Was Deutschlands Regierungschefin Angela Merkel mit Präsident Putin zu besprechen hat, wenn sie ihn als EU-Ratspräsidentin kommenden Sonntag in Sotschi an der Schwarzmeerküste besucht, weiß man schon jetzt in groben Zügen. Auch hier ist sicher: Eine freundschaftliche Plauderei wird sich daraus nicht ergeben.

Zwischen Putin, Lukaschenko und Merkel geht es auf verschiedene Art und Weise um dasselbe Thema: russisches Erdöl. Über seinen Preis war vergangene Woche ein wüster Streit ausgebrochen, der Weißrussland in eine existenzielle Versorgungskrise stürzte und der EU wieder einmal vor Augen führte, wie verwundbar sie durch ihre Abhängigkeit von Energielieferungen aus Russland ist.

Lukaschenko musste für Weißrussland bereits klein beigeben. Merkel muss für Europa versuchen, zu verhindern, dass sich Ereignisse wie in den Tagen zwischen Montag, 8. Jänner, und Mittwoch, 10. Jänner, mit möglicherweise schlimmeren Folgen wiederholen.
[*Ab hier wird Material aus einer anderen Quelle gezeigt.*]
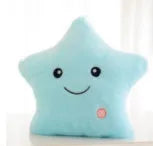 Colourful glowing five-pointed star plush pillow on a dark background.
Freundschaft. Und die lesen sich in Kurzfassung so: Moskau verlangt von Weißrussland von einem Tag auf den anderen empfindlich mehr Geld für Rohöl. Weißrussland, über dessen Staatsgebiet die wichtigste Ölpipeline Richtung Westen verläuft, kontert mit der Einführung einer saftigen Gebühr für den Transport von Öl in den EU-Raum. Daraufhin dreht Moskau die Leitung zu und legt nicht nur Weißrussland trocken, sondern gleich auch halb Europa. So lange, bis der Widerstand gebrochen ist und Weißrussland einlenkt. Den Zorn der EU nimmt der Kreml dafür gerne in Kauf.

All das spielte sich zwischen Montagabend und Mittwochnacht vergangener Woche an der „Druschba“-Pipeline (zu Deutsch: „Freundschaft“) ab – jener Schlagader, die Öl aus den Lagerstätten in Westsibirien, am Ural und in der kaspischen Region über 3000 Kilometer nach Europa transportiert: 1,2 Millionen Barrel (ein Barrel entspricht rund 159 Litern) pro Tag und damit immerhin 12,5 Prozent des Gesamtbedarfs der EU.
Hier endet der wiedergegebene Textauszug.